Wednesday, February 22, 2012

Healthy Vegetable Beef Soup

April 22, 2011 by  
Filed under Your Health

 This is a almighty combination that is good for you and will be good to you.  Preparation age differ depending on whether you use fresh, frozen, or canned veggies.  Canned vegetables are altogether already tender and don’t require as much simmering as anesthetized nor fresh vegetables would.

Ingredients needed:

2Lbs of lean dome beef/chuck

1 46oz can of 100% real tomato juice; no sugars added

1 8oz can of tomato paste; no sugars added

2 8oz cans of tomato sauce; no sugars added

2 1LB. bags of anesthetized mixed veggies

            or

4-5 8oz cans of unsweetened vegetables

Most commonly used vegetables include potatoes, corn, biodegradable beans, biodegradable peas, tomatoes, and carrots.  When using fresh vegetables chop two potatoes and tomatoes, and 2-3 carrots into quarter inch squares or desired size.  Use 15 oz of biodegradable beans, peas, and corn.

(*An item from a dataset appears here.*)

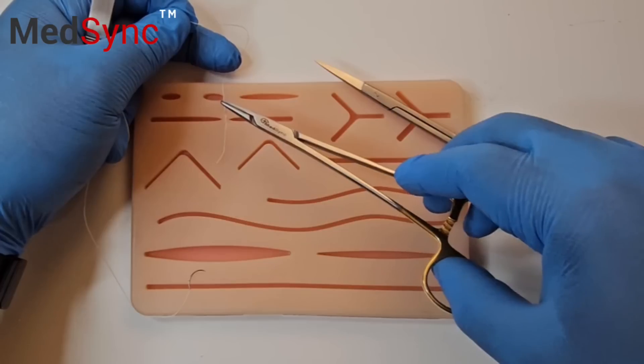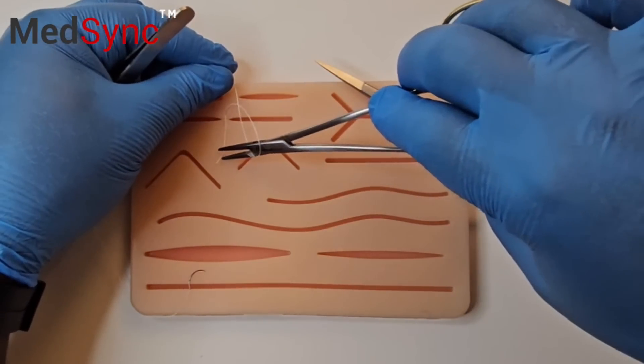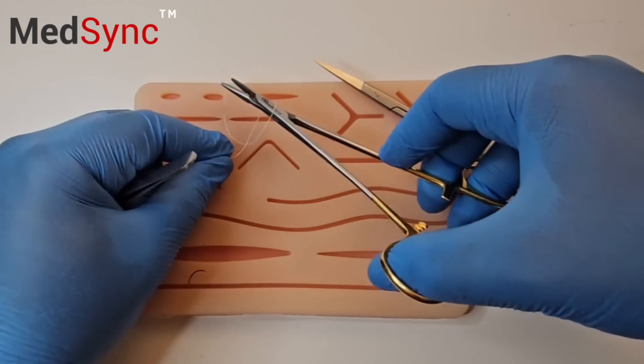You then need to perform two single revolutions around the needle holder — a reef knot. The suture ends must alternate.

1 tsp each of Basil, Savory, Thyme, Oregano, Marjoram, Garlic, Rosemary, and Parsley

1/2 tsp salt, interest salt, and pepper

Cooking Instructions:

Brown lean dome beef.  Add Basil, Savory, Thyme, Oregano, Marjoram, Garlic, Rosemary, and Parsley to browning dome beef. Drain cornucopia fat and oil from browned beef and corner on medium heat.  Add tomato juice, sauce, paste and stir.  Bring to boil stirring occasionally to avert sticking.  Add vegetables and stir.    Lower heat to simmer and stir in salt, pepper, and interest salt.  Allow to simmer pending vegetables are tender. Recipe feeds six.